Oral health effects of botulinum toxin treatment for drooling: a systematic review

Luisa Barreto Costa Corrêa 1,2,, Maurício Bartelle Basso 3, Bernardo Sousa-Pinto 4, Soraya Coelho Leal 5
PMCID: PMC7980293  PMID: 33340083

Abstract

Background

Drooling is a major morbidity in several neurological diseases. Intraglandular botulinum neurotoxin (BoNT) injections have been used to manage this condition. However, by decreasing salivary flow, BoNT injections may result in an increased risk of caries and other oral adverse effects. In this study, we aimed to assess whether, in patients with drooling, intraglandular BoNT injections are associated with increased dental caries development, modifications on salivary composition (oral pH, buffering capacity and osmolality) and cariogenic bacterial load.

Material and Methods

We performed a systematic review, searching PubMed, CENTRAL, Web of Science, and Scopus for all experimental and observational studies reporting on adverse effects of intraglandular BoNT injections in patients with drooling. Primary study selection, quality assessment, and data extraction were independently performed by two researchers. No studies were excluded based on their language, publication status or date of publication. Studies’ quality was based on revised Cochrane Risk of Bias tools. Meta-analysis was not performed.

Results

We retrieved 1025 studies, of which 5 were included. Two studies were two randomized controlled trials and three quasi-experimental studies. None of the included studies found BoNT injections to be associated with dental caries development or with significant reductions in oral pH. One of the included primary studies even observed an increase in salivary buffer capacity. One study found an increase in Lactobacilli counts. As for the risk of bias, two studies were classified as having a critical risk, two as high risk and one as having some concerns.

Conclusions

Currently, there is no evidence that, in patients with drooling, BoNT injections associate with increased risk of dental caries or disturbances in oral pH or salivary buffering capacity. However, the included primary studies had important limitations and differences in their methodologies.

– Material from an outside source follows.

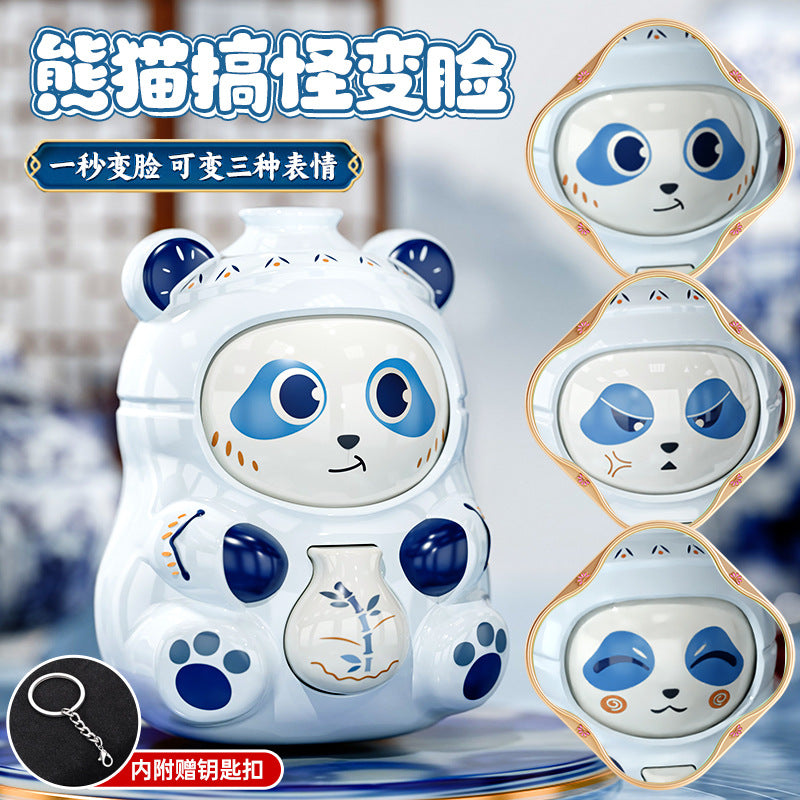 Face-changing panda chinese style blue and white porcelain doll hand pendant keychain gift toy national trend trendy cartoon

Key words:Neurological diseases, drooling, sialorrhea, botulinum toxin, oral health, caries, saliva.

Introduction

Drooling is a major morbidity in several neurological diseases (1). It usually results in maceration and infections of the peri-oral skin (1-4), dysfunctional eating (4), disturbed speech (1,2,4,5), halitosis (4), aspiration-related pulmonary complications (1-5), and stigmatization or social isolation (1,2). Also, drooling often poses hygienic problems for caregivers because of constant soiling of clothes (1) and other objects (4). This prompts the need for effective and safe approaches to manage drooling (3). One therapeutic approach consists of injecting botulinum toxin (BoNT) into the salivary glands (2,3,6). The literature (2,7,8) has shown that BoNT injections are effective in the management of sialorrhea, with most patients reporting a transient improvement in their symptoms (9,10).

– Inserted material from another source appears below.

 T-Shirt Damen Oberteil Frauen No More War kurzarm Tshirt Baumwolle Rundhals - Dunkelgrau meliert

Botulinum toxin acts by transiently blocking parasympathetic and postganglionic sympathetic acetylcholine release (11-13). In general, parasympathetic stimuli increase the output of water and electrolytes, whereas, when sympathetic stimuli dominate, there is an enhancement of protein synthesis and secretion from acinar cells (14,15). Therefore, by interfering with autonomic innervation of salivary glands and, thus, prompting a decrease in salivary flow, BoNT can affect the defense mechanism of saliva and may be associated with changes in the salivary composition (16,17) and increased risk of dental caries development (1,2). However, evidence regarding intraglandular BoNT adverse events in oral health has not yet been systematically assessed.

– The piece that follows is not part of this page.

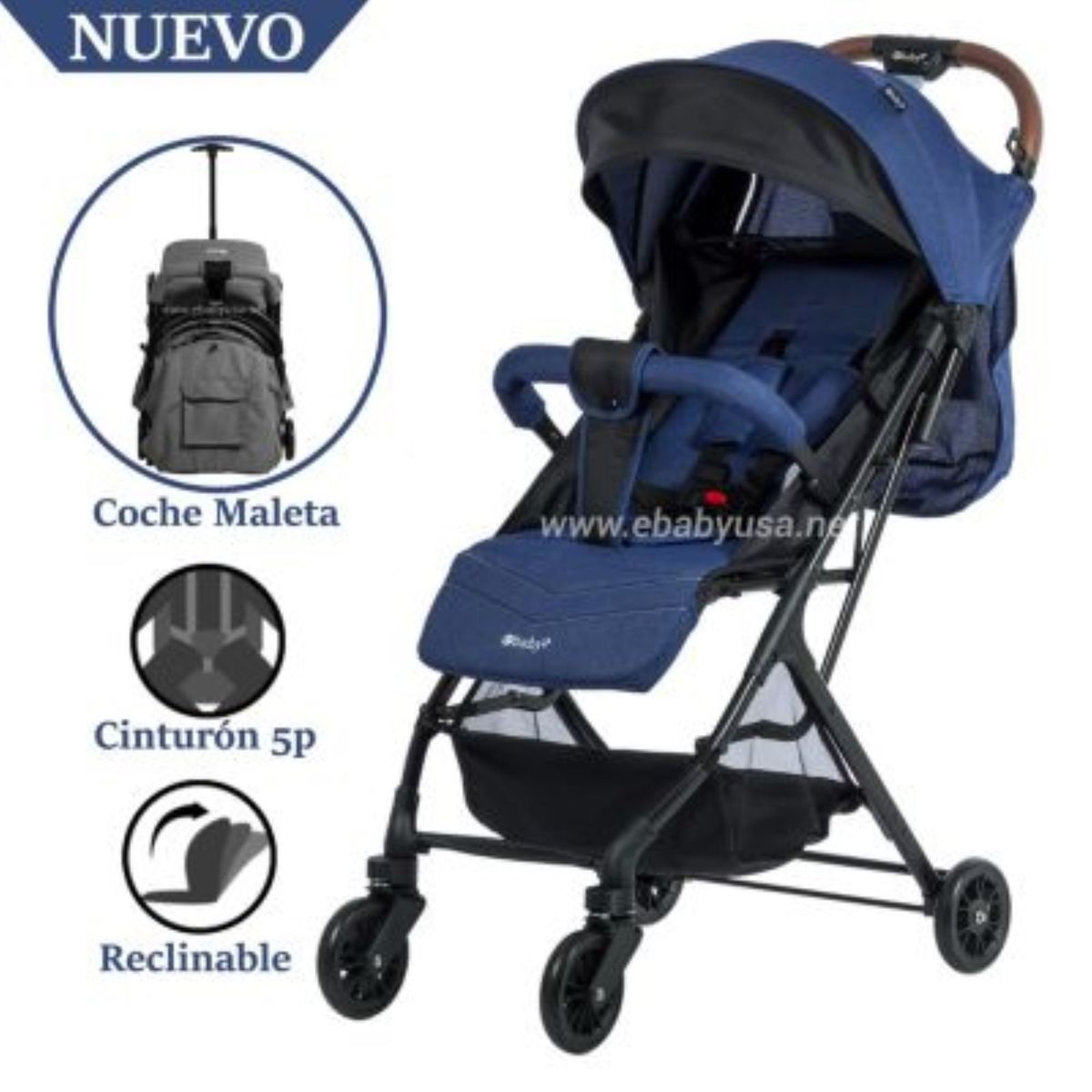 EBABY - Coche Maleta Ebaby Respaldar Reclinable Kalan Azul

Therefore, the objective of this study is to perform a systematic review of experimental and observational studies in order to assess whether, in patients with drooling, BoNT injections into the salivary glands associate with increased risk of dental caries development, modifications on salivary composition such as salivary pH value, buffering capacity of saliva and osmolality - and modifications on counts of cariogenic bacteria, including salivary counts of Streptococcus mutans (S.mutans) and Lactobacilli. In addition, this study aimed to assess the methodological quality of existing evidence on the safety of intraglandular BoNT for treatment of drooling, discuss the main limitations of the current evidence, as well as to produce methodological recommendations for future studies on this field.

Material and Methods

This systematic review was conducted in accordance with the "Preferred Reporting Items for Systematic Reviews and Meta-Analysis (PRISMA) statement (18) and has been registered on PROSPERO database (Registration CRD42019137023).

We included experimental and observational studies in which BoNT injections into salivary glands were used to treat drooling irrespective of patients’ underlying disease. We included studies that reported on adverse events of BoNT on oral health, particularly regarding (i) caries development; (ii) modifications of salivary composition (salivary pH value, buffering capacity of saliva, and hydration level - osmolality); and (iii) modification of salivary counts of cariogenic bacteria, especially Streptococcus mutans and Lactobacilli. No studies were excluded based on their language, publication status or date of publication.

We searched PubMed, CENTRAL, Web of Science and Scopus in May 2019 to identify relevant primary studies. Manual searching was also performed to collect data reported in books and conference abstracts, as well as by searching references of included primary studies. The search queries can be found on Supplement1 (http://www.medicinaoral.com/medoralfree01/aop/24101_Supplement1.pdf). After removing duplicates, two reviewers (LC and MB) were independently involved in selecting the studies, firstly by title and abstract reading, and then by full-text reading.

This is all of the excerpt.